Caveat for anyone considering Zigbee smart blinds
I found a good deal on some Yoolax Zigbee-based smart blinds. Saved a few hundred dollars cheaper over the closest Z-Wave based equivalents I could find.
Nearly every Zigbee-based blind also comes with an accompanying remote, so I thought (naively) that their remotes would also be Zigbee-based and function via direct device binding - like the Z-Wave blinds I saw and the single Zigbee blind I already own (Ikea Fyrtur). Direct binding at the protocol level for a device installed into my home has real appeal - the device keeps basic functionality even if I move out, all while not being tied to a proprietary remote that may eventually get lost or broken.
However, I found out the remote for my Yoolax blinds (like many cheap-to-mid-range Zigbee blinds) is actually an old 433hz RF remote - and more than that, the Zigbee protocol is particular about how blinds should be controlled.
A window covering device following the spec ought to implement the `window covering` cluster to communicate it's state and take commands. This sounds fine, but it also means the device won't communicate via the `on/off` cluster or the `level control` clusters, which is what 99% of Zigbee remotes expose as an interface (since those are used to control lights, switches & dimmers).

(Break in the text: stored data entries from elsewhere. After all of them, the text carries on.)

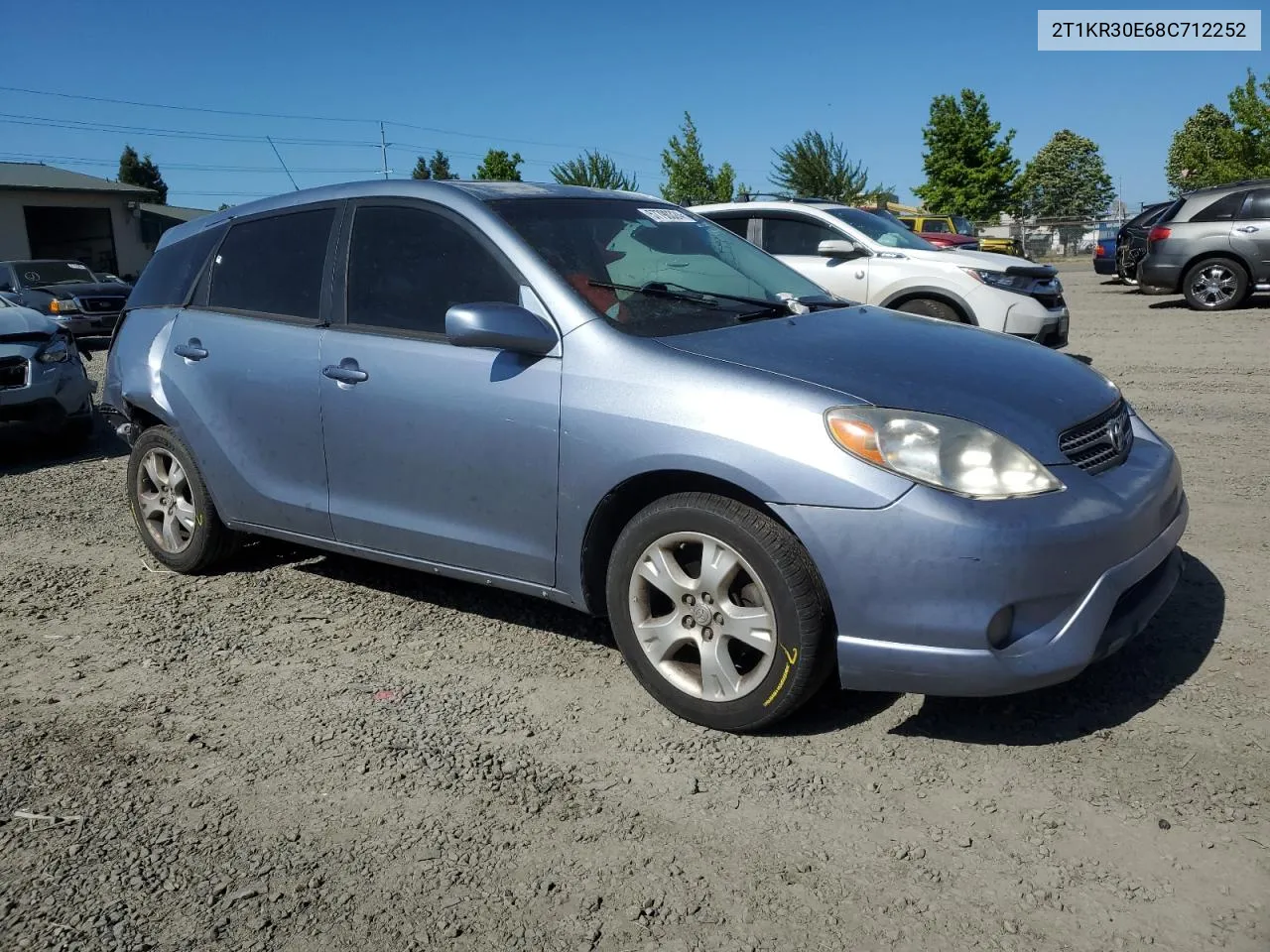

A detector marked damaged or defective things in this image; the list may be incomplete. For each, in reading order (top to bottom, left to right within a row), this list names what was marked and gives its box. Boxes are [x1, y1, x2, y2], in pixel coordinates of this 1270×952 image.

damaged vehicle [0, 296, 96, 448]
damaged vehicle [104, 182, 1183, 734]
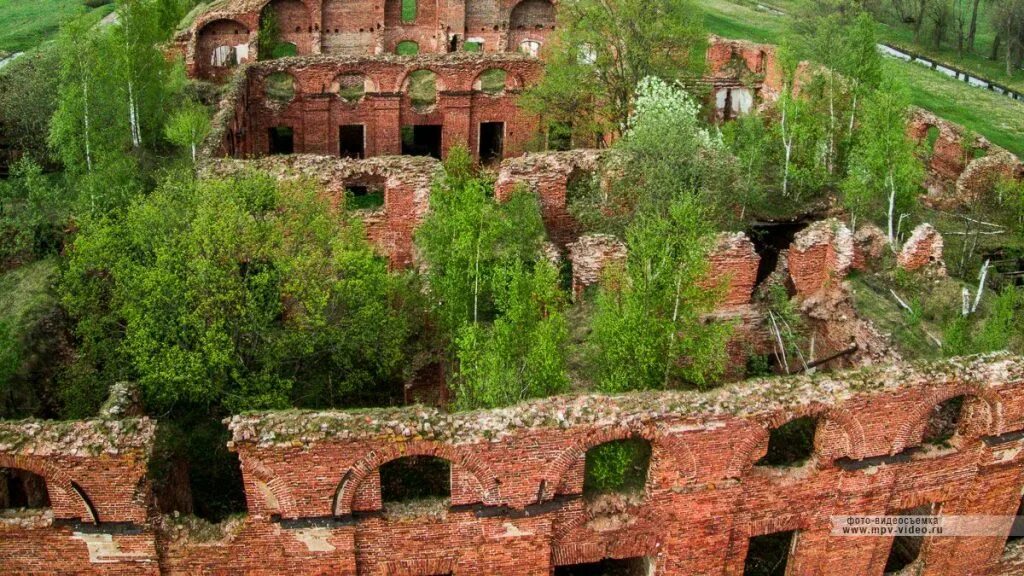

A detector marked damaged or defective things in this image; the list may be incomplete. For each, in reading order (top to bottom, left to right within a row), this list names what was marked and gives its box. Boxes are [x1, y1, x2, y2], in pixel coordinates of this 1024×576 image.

broken brick pillar [568, 233, 624, 300]
broken brick pillar [784, 218, 856, 300]
broken brick pillar [900, 223, 948, 274]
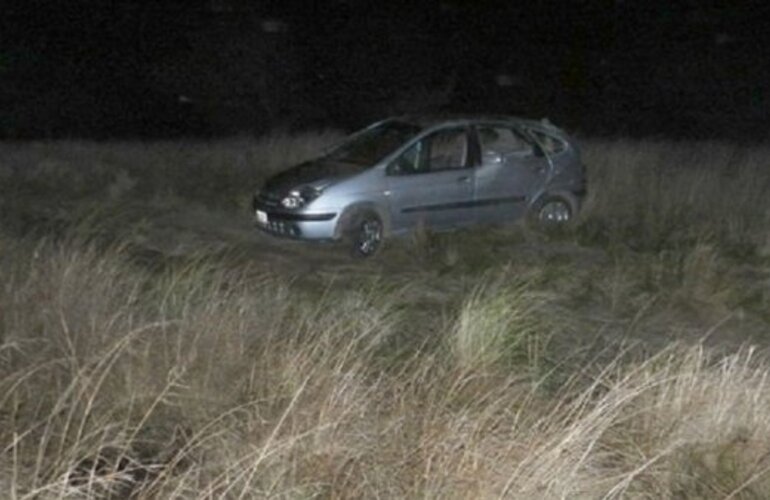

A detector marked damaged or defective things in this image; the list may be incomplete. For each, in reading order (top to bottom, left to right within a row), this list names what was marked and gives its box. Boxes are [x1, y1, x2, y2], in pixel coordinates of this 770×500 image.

crashed vehicle [250, 116, 584, 258]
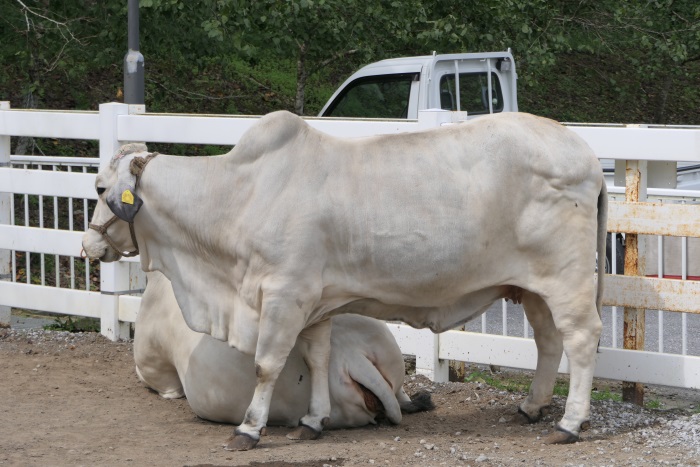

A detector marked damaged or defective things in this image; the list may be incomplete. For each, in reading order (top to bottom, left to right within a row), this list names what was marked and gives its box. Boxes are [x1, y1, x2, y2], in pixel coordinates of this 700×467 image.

There are Zigbee blinds out there that can receive commands via the `on/off` & `level control` clusters to workaround this incompatibility, but this doesn't appear to be a widely adopted convention.

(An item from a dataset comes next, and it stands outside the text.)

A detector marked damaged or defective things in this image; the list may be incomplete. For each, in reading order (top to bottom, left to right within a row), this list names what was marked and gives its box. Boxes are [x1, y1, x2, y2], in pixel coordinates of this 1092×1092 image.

For my use case, I was dismayed to only find 3 Zigbee remotes that actually act as a client of the `window covering` cluster:
- now-unobtainable Ikea E1766 remotes for the Fyrtur blinds
- remotes from Somfy (expensive)
- remotes from Profalux (expensive and impossible to find in North America)
So, if you're out there thinking about Zigbee smart blinds, and you care about direct binding their remote controls, I strongly recommend some close research of the device you're buying, or just getting Z-Wave motors instead.
(Z-Wave handles this better at the protocol level, all cover devices are required by the spec to respond to the equivalents of the on/off binding & level control binding.)